What are the differences, if any, that you see in the attitude towards trees in different countries/continents?
That was the biggest surprise for me and perhaps one of the explanations why a German book on trees is read all over the world. There are really no differences. Forests and trees belong to humankind since it exists; the only differences are the myths and tales about forests.
There is now a growing body of academic work that seeks to move beyond the human-centric view of nature. You also tend to follow the same idea and present stories from the perspective of trees. Was that a conscious choice?
I undertook guided tours in my forest for 25 years. The participants were my teachers. I instantly knew when my storytelling was boring. So I developed my stories around trees in the way that facts could be easily understood and that the participants developed a sympathy for trees. Afterwards, very often they would ask where to read more about trees—and that's how my books were born. They are written guided tours.

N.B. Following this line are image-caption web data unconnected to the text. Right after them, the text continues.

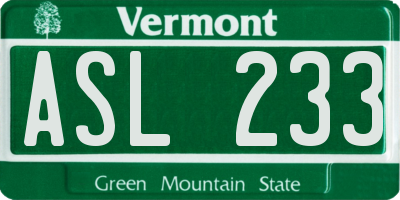 VT license plate ASL233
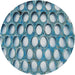 Round Machine Washable Transitional Sky Blue Rug, wshpat2642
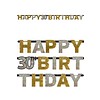 Letterbanner Happy 30th Birthday Silver & Black - 213 x 16.2 cm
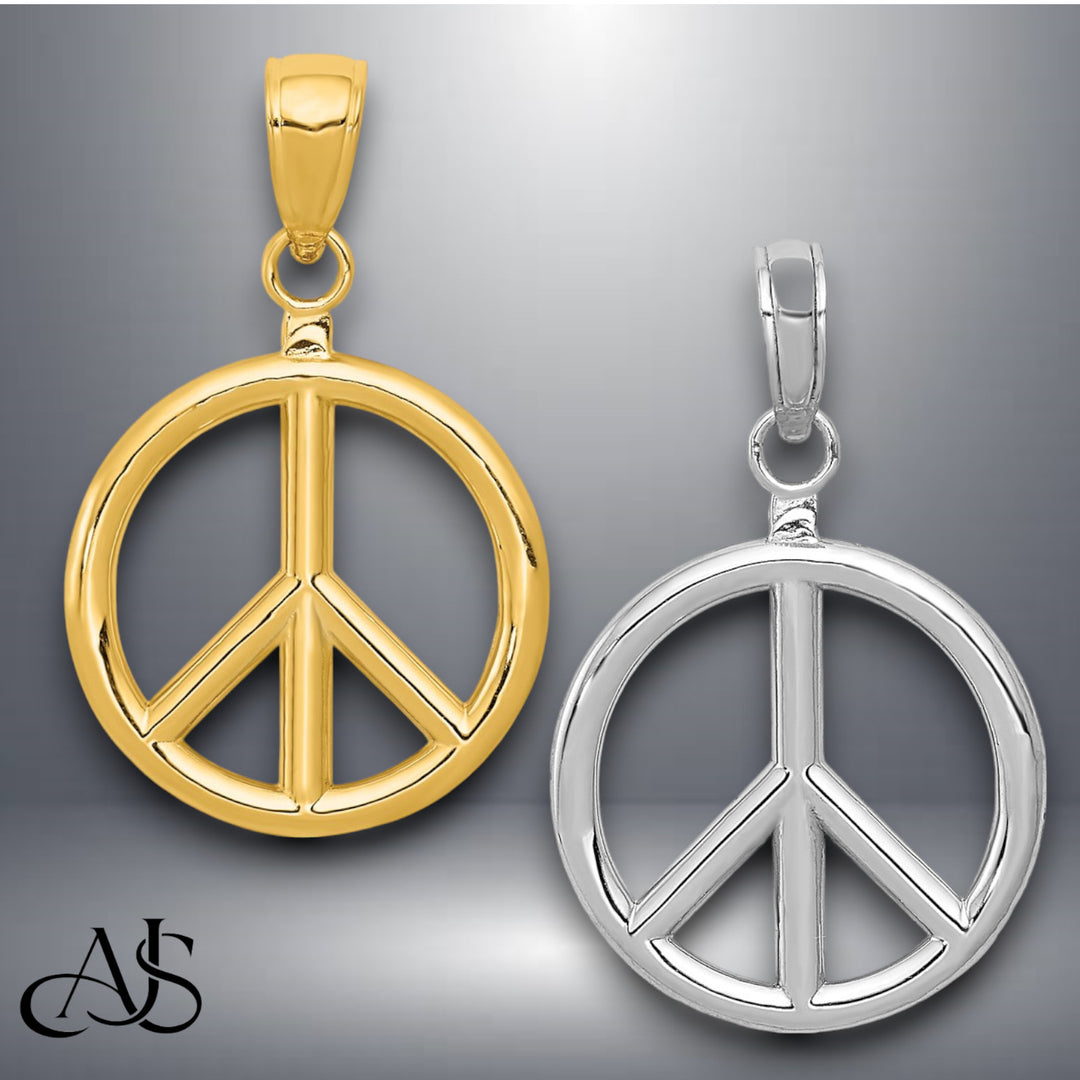 14K Yellow Gold or White Gold 3D Polished Peace Sign Charm with Necklace Chain Options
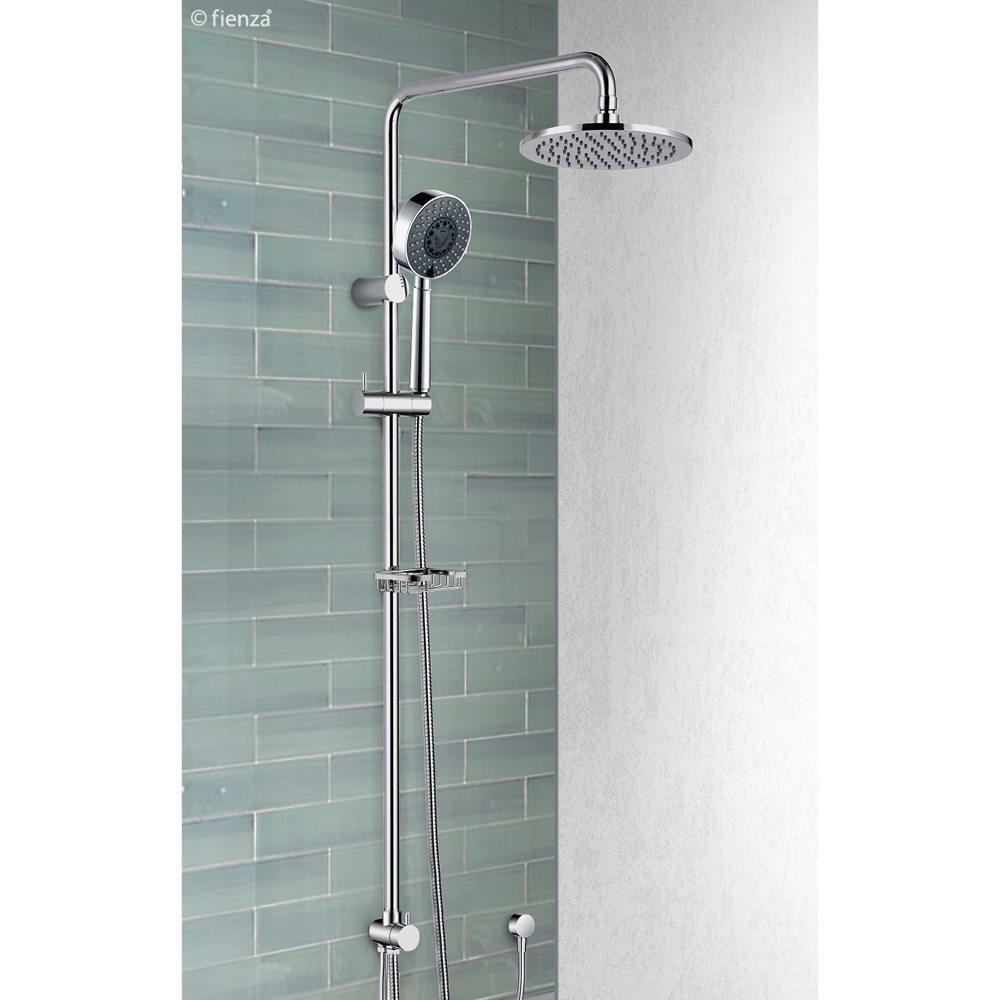 Fienza Michelle Multifunction Twin Rail Shower with Soap Basket, Chrome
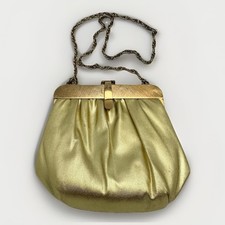 Vintage 1950s  60s Gold Metallic Evening Bag   Frame Purse with Chain Strap, Glam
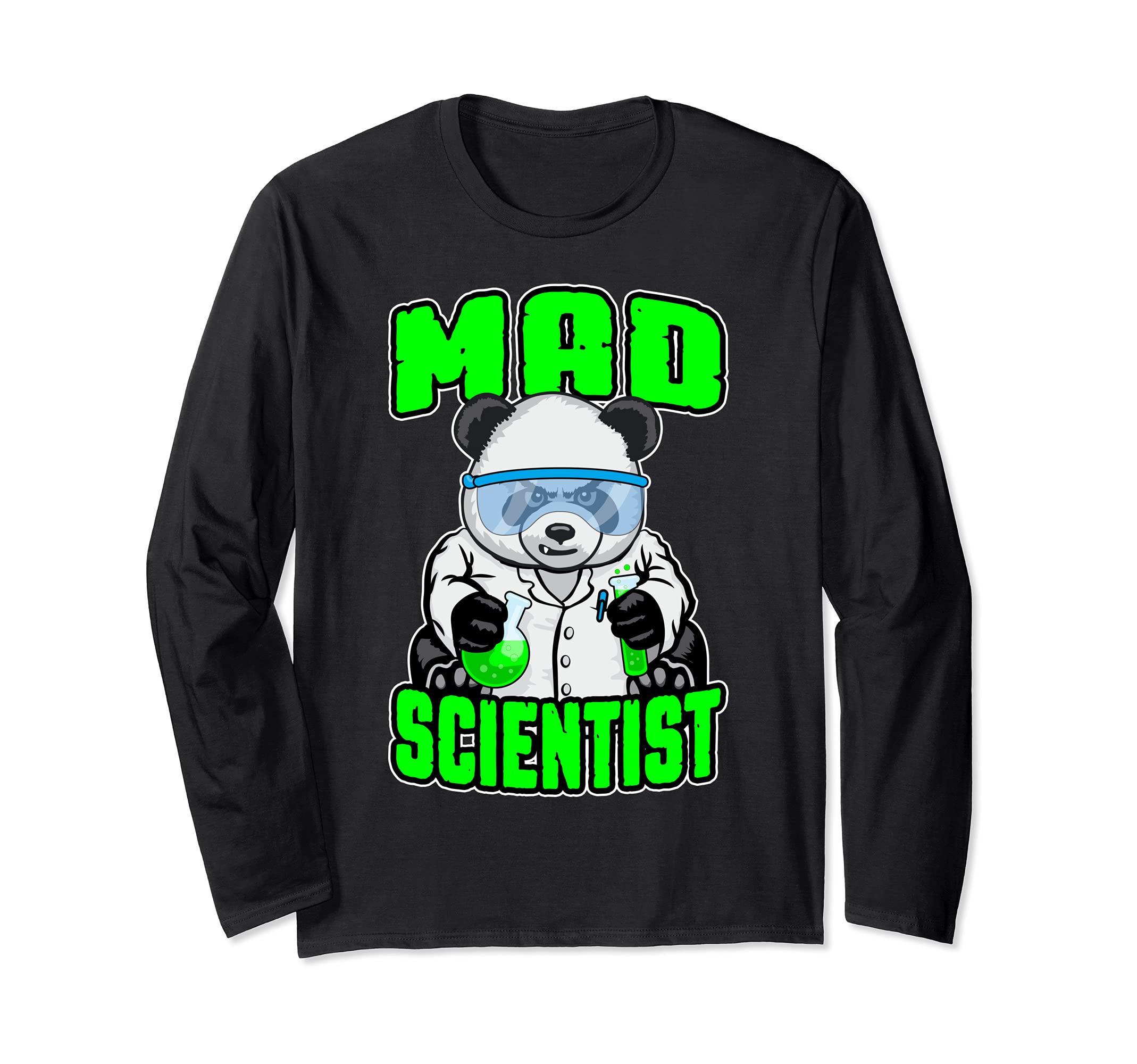 Mad Scientist Panda Bear Funny Animal STEM Science Geek Long Sleeve T-Shirt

Environment protection is always posed in terms of how crucial it is to save trees to ensure human survival. Does this perspective need a rethink?
Yes, I think it is time for a new look on nature. Many of us are tired of the constant talk on how badly we treat our environment. I think there are two important things: one is that we should recognise that nature protection means first we protect ourselves. The other aspect is that we should enjoy nature more. What we love, we will protect. And that is my main aim: to show that trees are something like elephants. They live in family bands, they have emotions, they have memories, and they care for each other. The main difference is that they are so slow that they are regarded just a little more than stones. So I would like the readers to have more fun with trees and to discover hidden secrets of these "slowly" beings. Protection will follow automatically.